Ona kızlardan hoşlanmadığımı söyledim, melek. dedi bana. Ve ben, o teneffüs bitene kadar ağladım. Kantindeki öğrencilerin garip bakışlarına maruz kaldım, Taehyun onların sorularını geçiştirip yüzümü gizledi ve anlayamasa da soru sormadan ağlamama müsade etti.
Derse girme vaktimiz geldiğinde birlikte gittik lavaboya. Elimi yüzümü yıkadım, bekledi o da beni. Ona her ne kadar beni dışarıda beklemesini söylesem de girdi içeri. Neden ağladığımı sordu ısrarla. Ben de ona sordum, neden böyle gizli bir şeyi kızlara söylediğini. Başına geleceklerden haberin yok dedim. Neden bunu onlara söyledin?
Abartıyormuşum. Öyle söyledi. Abartmadığımı söyledim. Burası senin yaşadığın dev binalarla dolu modern şehir merkezi değil, dar görüşlü insanların yaşadığı küçük bir kasaba dedim ama yanlış anladı sanırım. Sonra... bana ilk defa hoş olmayan bir cümle kurdu. Söylediğim şeyin gerçekliği senin mideni bulandırdıysa söyle bana, kasabalıların günahını alma hiç boşuna.
Gitti sonra.
Beni lavaboda yalnız bıraktı. Kalan derslere de girmedi. Okuldan çıkmış. Soobin sordu neden ağladığımı. Hiçbir şey söylemedim. Taehyun'u sordu. Bilmiyorum dedim. Kafamı sıramdan kaldırmadım. Önümdeki kızların fısıltılarını dinlemedim. Derslerin bitmesini beklerken sessizce ağlayarak uyuyakalmışım.
Onunla konuşmalıydım.
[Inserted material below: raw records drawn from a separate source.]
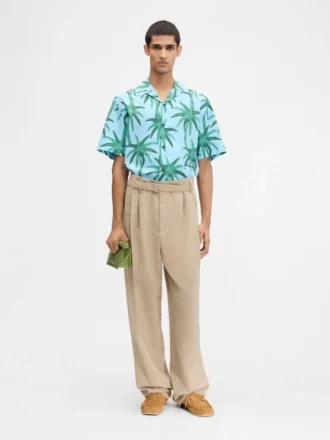 La chemise en jean Chemise à manches courtes imprimée Palmiers Étoiles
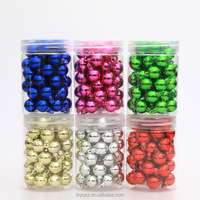 48 pièces/pot Boules de Noël miniatures 1,5 cm, boules brillantes électro-plaquées, décorations en plastique pour arbre de Noël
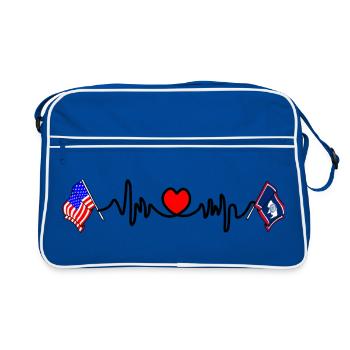 Cardio cardiaque avec drapeau des États-Unis et du Wyoming - Sac Retro - bleu/blanc - Devant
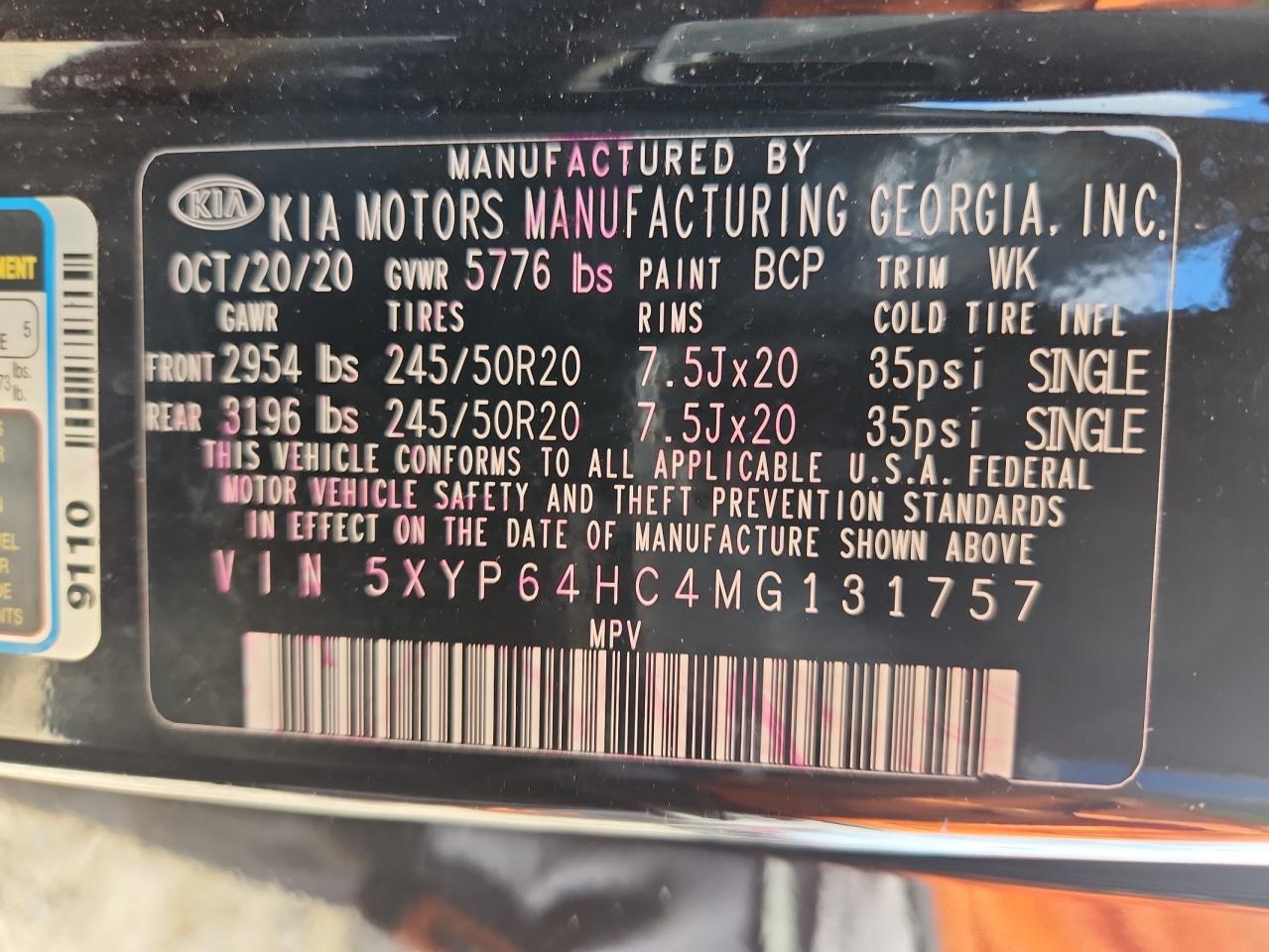 2021 Kia Telluride S VIN: 5XYP64HC4MG131757 Lot: 71690865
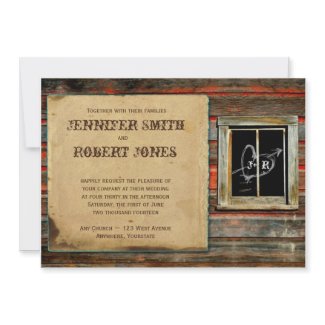 Rustic Barn Wood Graffiti Heart Window Invitation invitation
Beni bu şekilde yanlış anlaması sahiden o kadar kötü hissettiriyordu ki, en azından kendimi ifade etmeliyim.
Şemsiyemi indirmedim. Gözlerimi silmeye devam etsem de ağlamaya devam ediyordum. "İnsanlara kendimi ifade edememekten nefret ediyorum." Fısıldadım yağmura doğru.
Beni yakından tanımadığı için ona kızamazdım. Ama söylediklerimden bu anlamı çıkarması kötü hissettiriyordu işte. Sahiden bahsettiğim kasabadakilerdi. Burada yaşayan insanlar severdi başkaları hakkında konuşmayı, onları yargılamayı. Sadece kendi düşüncelerini belirtirlerdi ve aynı görüşte olmayanlara büyük ayıp yapmışlar gibi davranırlardı. Halbuki düşünce öznel olurdu, değil mi?
ŞİMDİ OKUDUĞUN
angel 秋
Fanficsadece aşktan ve güvensizlikten ibarettik. güvensizlik kabardıkça kabarmış, aşk ise parçalanmıştı. yağmur bir daha yağmamak üzere durmuştu, dilek fenerlerimiz daha uçarken uzaklaşmıştı birbirinden. sözler tutulmadan unutulup gittiğinde, anılar kalmı...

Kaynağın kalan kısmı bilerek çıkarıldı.